One-fifth of self-employed sole traders don’t survive one year, and the majority don’t survive five, according to a report from the Institute of Fiscal Studies.
Many more people try self-employment than the aggregate numbers suggest, says the IFS, but most fail quickly and very few ever go on to make significant investments or employ others.
Its figures are based on an analysis of HMRC tax records. It says that between 2014 and 2015 the number of sole traders grew by almost 70,000, but this was the net effect of 650,000 sole traders starting up and 580,000 exiting. The IFS says this huge ‘churn’ in the self-employed population reflects the fact that most sole trader businesses close quickly: 20% within a year, and 60% by year five.
Its figures show that between 2011 and 2015, 2.4 million people were operating as sole trader each year, but 6 million people tried self-employed at some time over that period.
It also says that many combine self employed work on the side of employed work, but the share of self employed people doing this has not changed over time.
The IFS differentiates between different types of self employed people, including sole traders and company owner managers. It says that between 2000 and 2015 the number of self-employed sole traders grew by 1.4 million (around 50%) to reach 4.1 million. Since 2007, a third of the growth has come from foreign-born sole traders. Since 2000, the number of company owner managers more than doubled to 1.8 million. In contrast the number of employees (by far the most common form of paid work) rose by 10%.
The IFS also says that most sole traders do not employ anyone else and that their average incomes have fallen by far more than employed people’s incomes between 2007 and 2015. The report also points out the difference in income and tax payments between different kinds of self employed people, depending on whether they are sole traders or partners and depending on which sector they are in.
Jonathan Cribb, Senior Research Economist at IFS, and report author said: “The growth in self-employment is an important and substantial change in the labour market. We show for the first time how misleading it is to discuss the self-employed as a fixed group – there is huge churn in the self-employed population with hundreds of thousands of people trying a business venture and failing quickly each year. Despite the huge number of people starting and closing their businesses, it was actually those sole traders that remained in business during the recessions that drove the large fall in profits seen in that period.”
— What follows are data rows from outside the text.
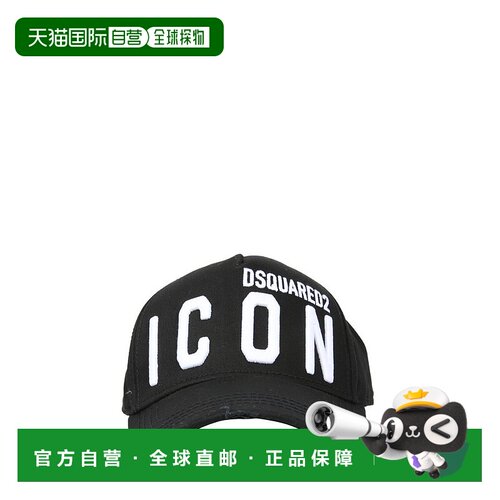 香港直邮Dsquared2 二次方 男士 黑色 Be ICON 棒球帽 BCM041205C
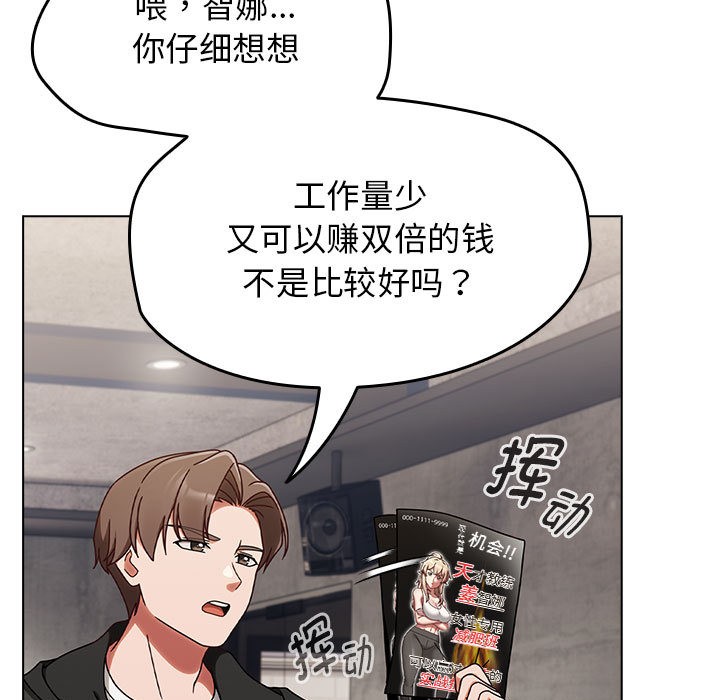 《熱情拳擊館》漫画 第1話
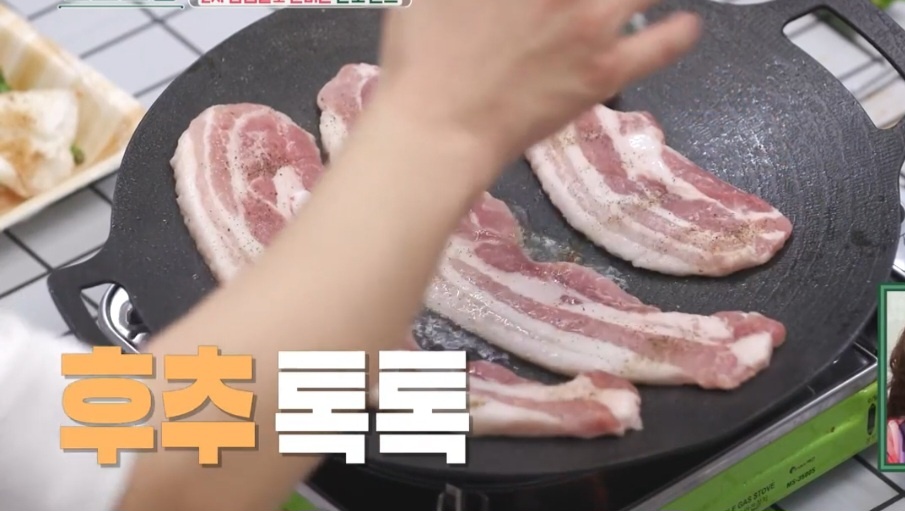 편스토랑 김치제육볶음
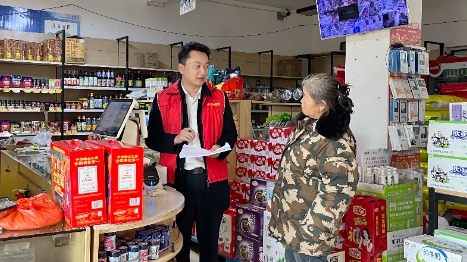 金融活水润红土2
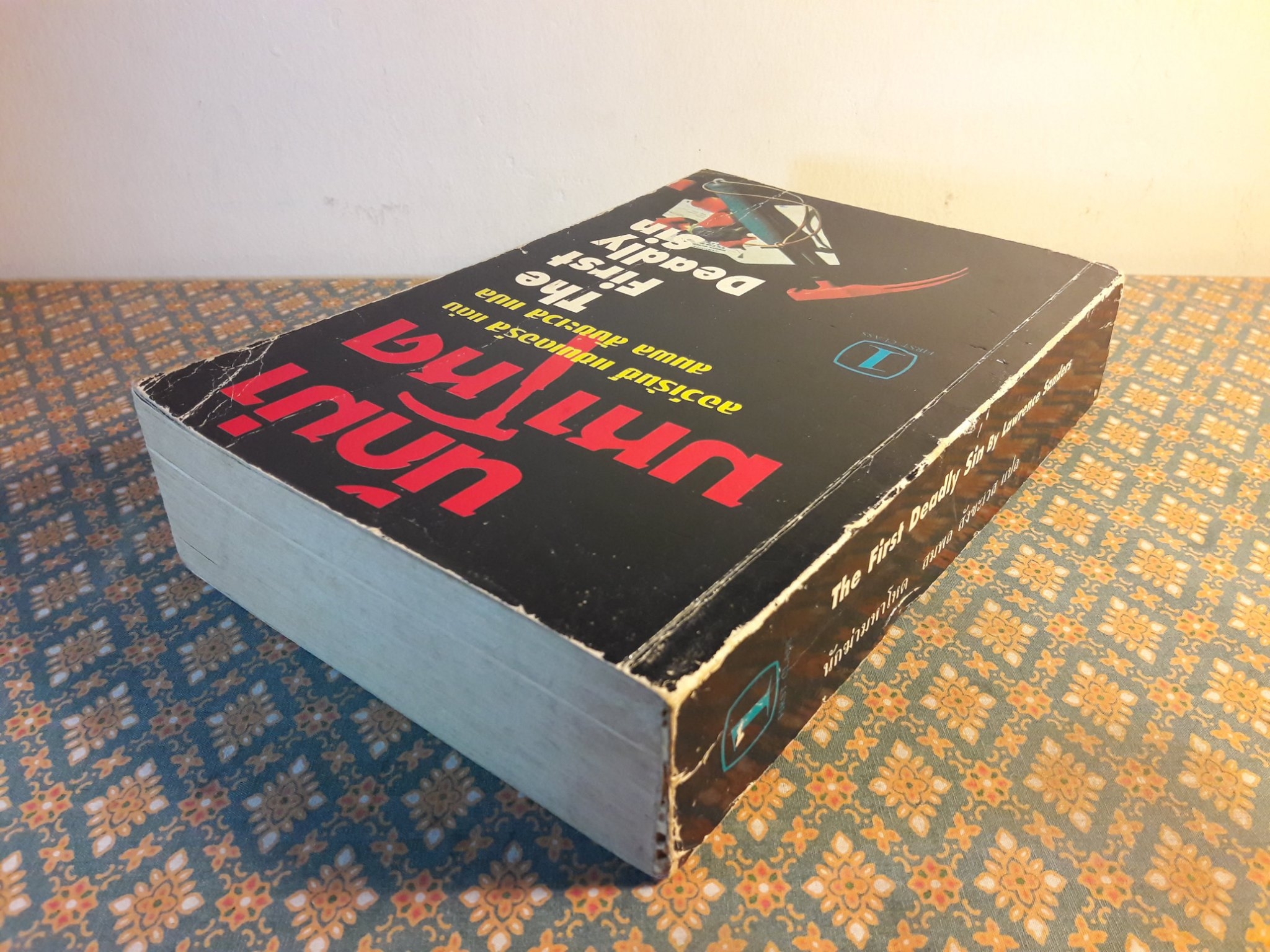 นักฆ่ามหาโหด The First Deadly Sin “1 ใน 100 สุดยอดนวนิยายแนวสืบสวนสอบสวน”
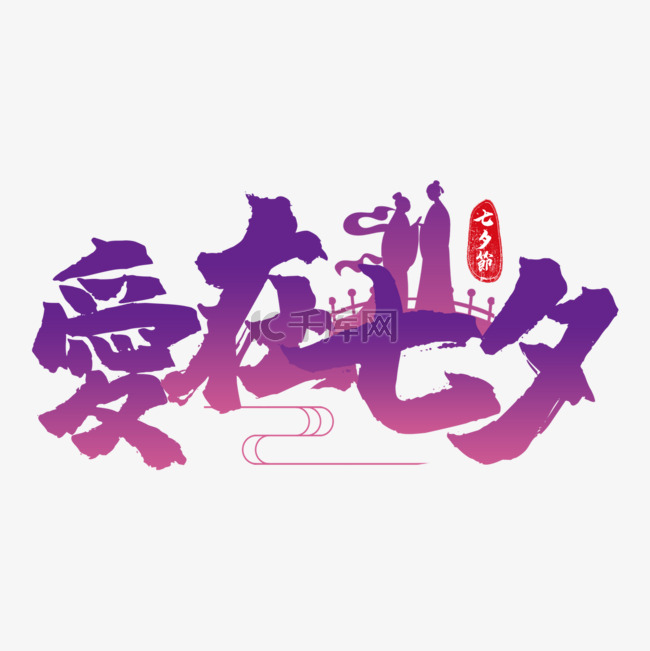 七夕节书法效果艺术字紫色渐变
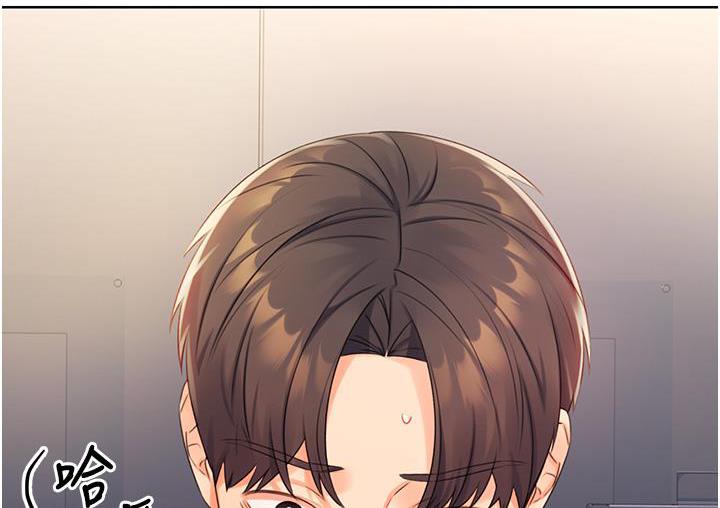 [韩国漫画] 性运刮刮乐 剧情,女学生#[214P]-30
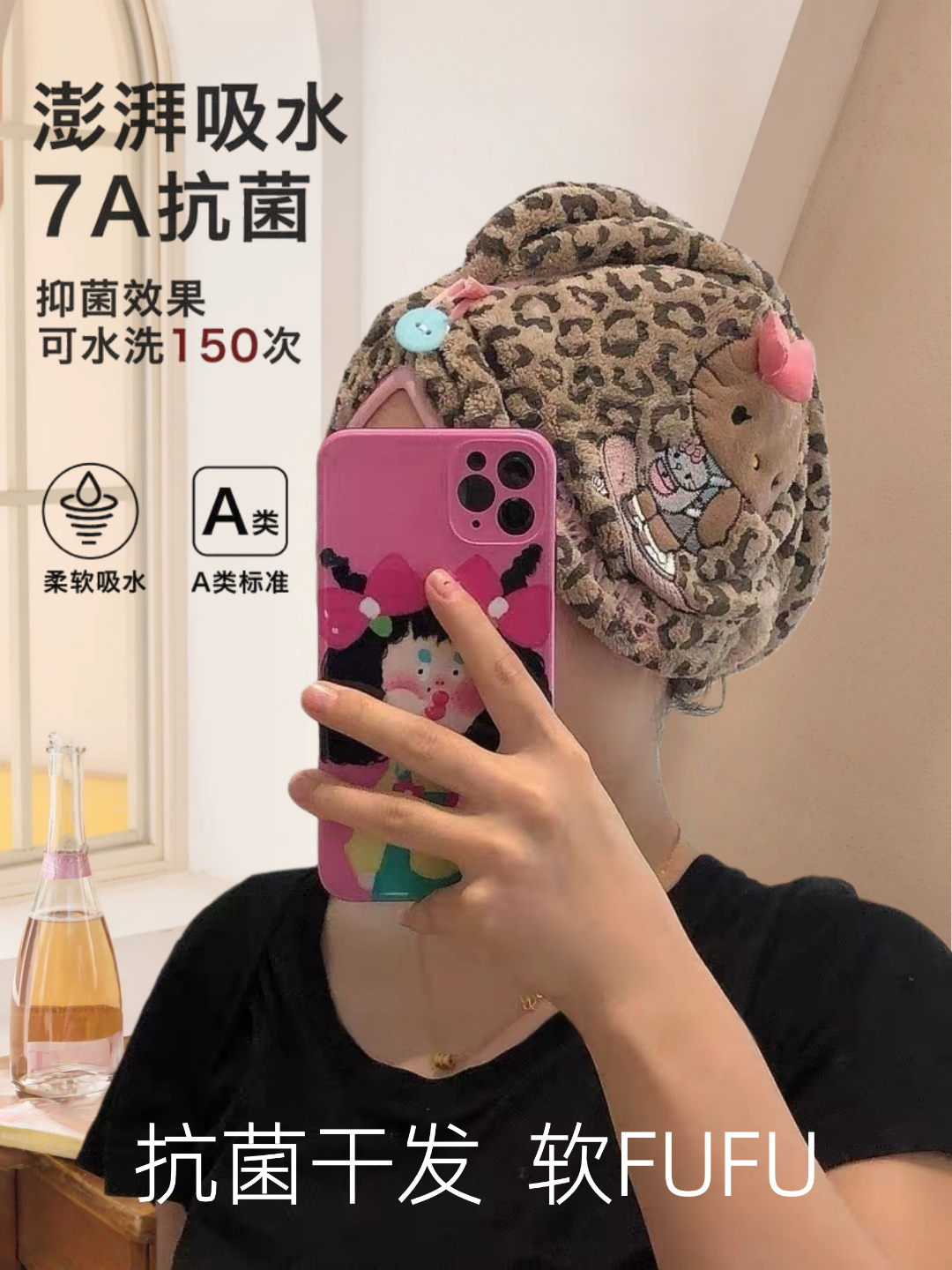 7A抑菌洗头豹纹KT干发帽女款超强吸水速干洗澡头巾成人加厚浴帽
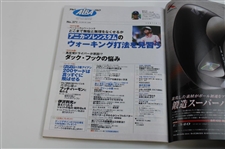 Japanese Magazine w/Tiger Woods On The Cover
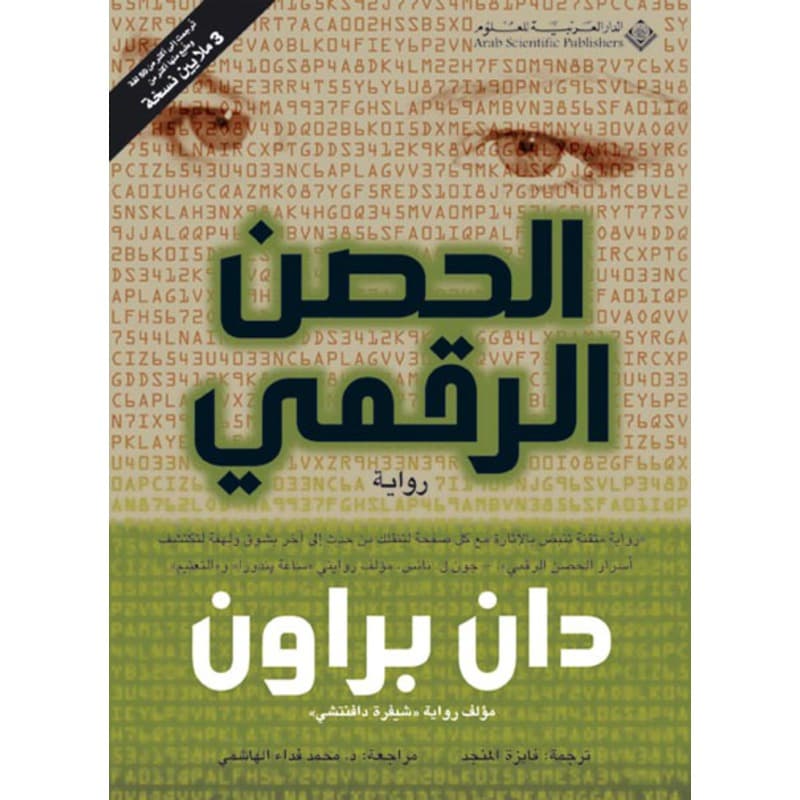 الحصن الرقمي, eBook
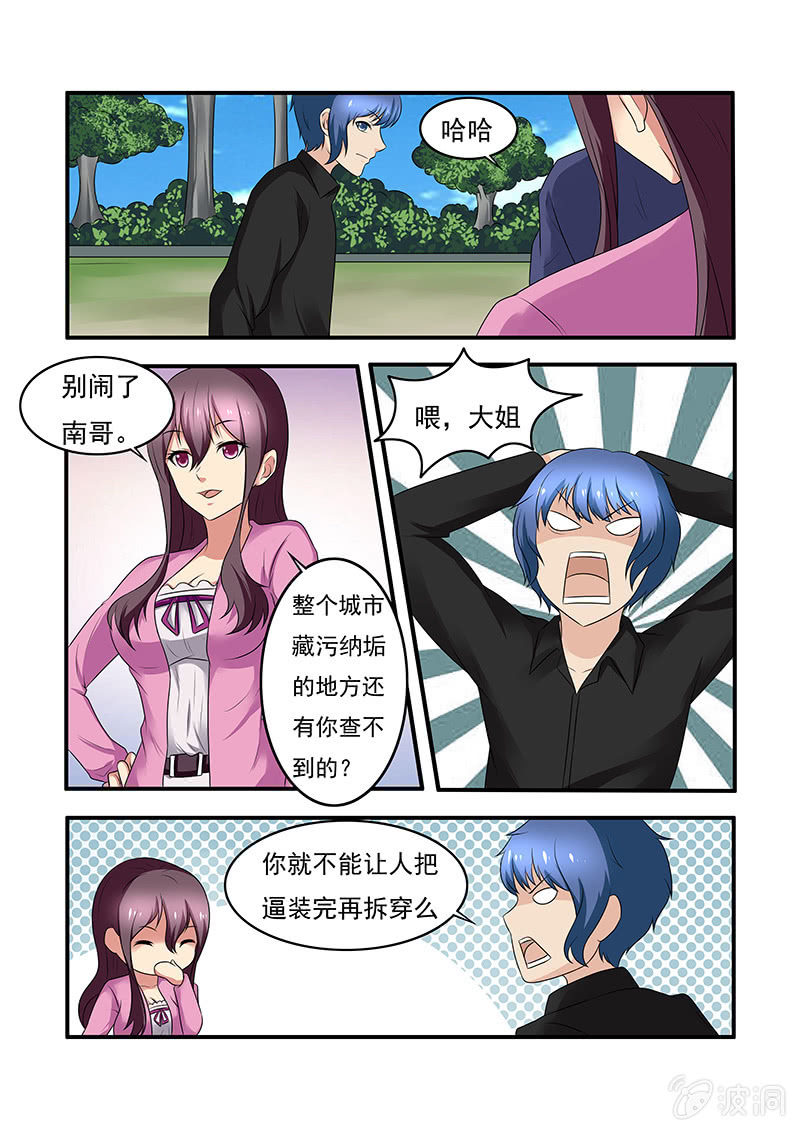 《亡灵镇魂歌》第53话 第5页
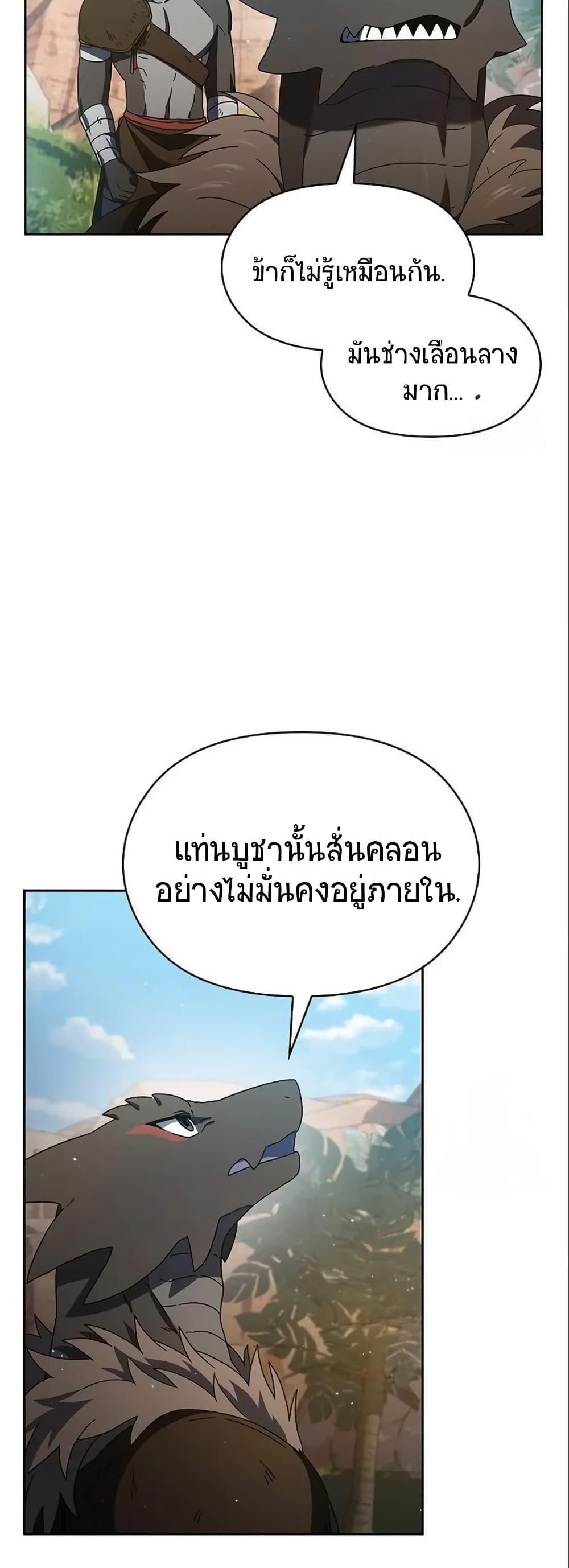 The Nebula’s Civilization ตอนที่ 5 54
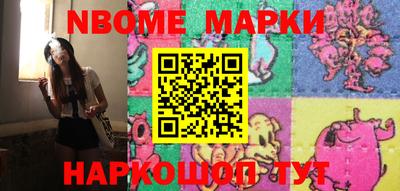 бутират Жуковский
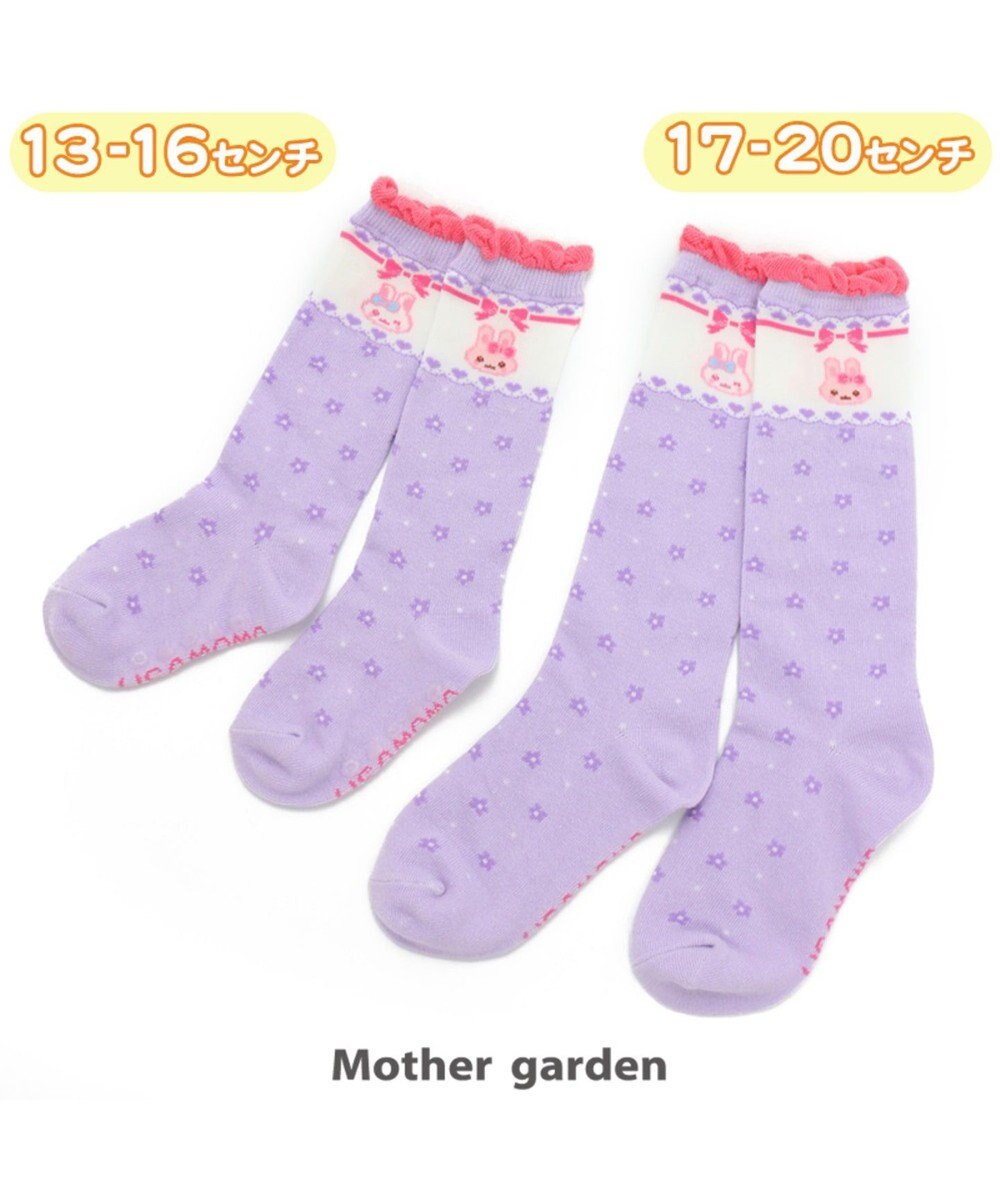 うさもも ハイソックス 花柄薄紫 13 16cm 靴下 Mother Garden 通販 雑貨とペット用品の通販サイト マザーガーデン ペットパラダイス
Helen Miller, Deputy Director of the IFS, and report author said: “Policy discussions often overlook the huge diversity of activities and incomes of the self-employed. Our findings demonstrate that the self-employed span all sectors of the economy and while many have low and failing incomes, some are dramatically overrepresented in the top 1% of income taxpayers. Behind the staggering growth in business ownership – which is higher than in any other OECD country and is often hailed as a success – lies a hefty tax penalty on employment relative to self employment. Preferential tax rates for business owners is a ‘one size fits all’ approach that fails to provide the support that some need while giving unjustifiable tax breaks and incentives to others. Low and falling incomes among the self-employed and low levels of investment among small business more broadly should lead us to question why we are incentivising people to quit employment and start their own business.”
IPSE, the organisation for self employed people, said the report showed a need for more support for sole traders in particular. Simon McVicker, IPSE’s Director of Policy, said: “Government must simplify the self-employed tax system, give freelancers the infrastructure they need and clamp down on the blight of late payment.”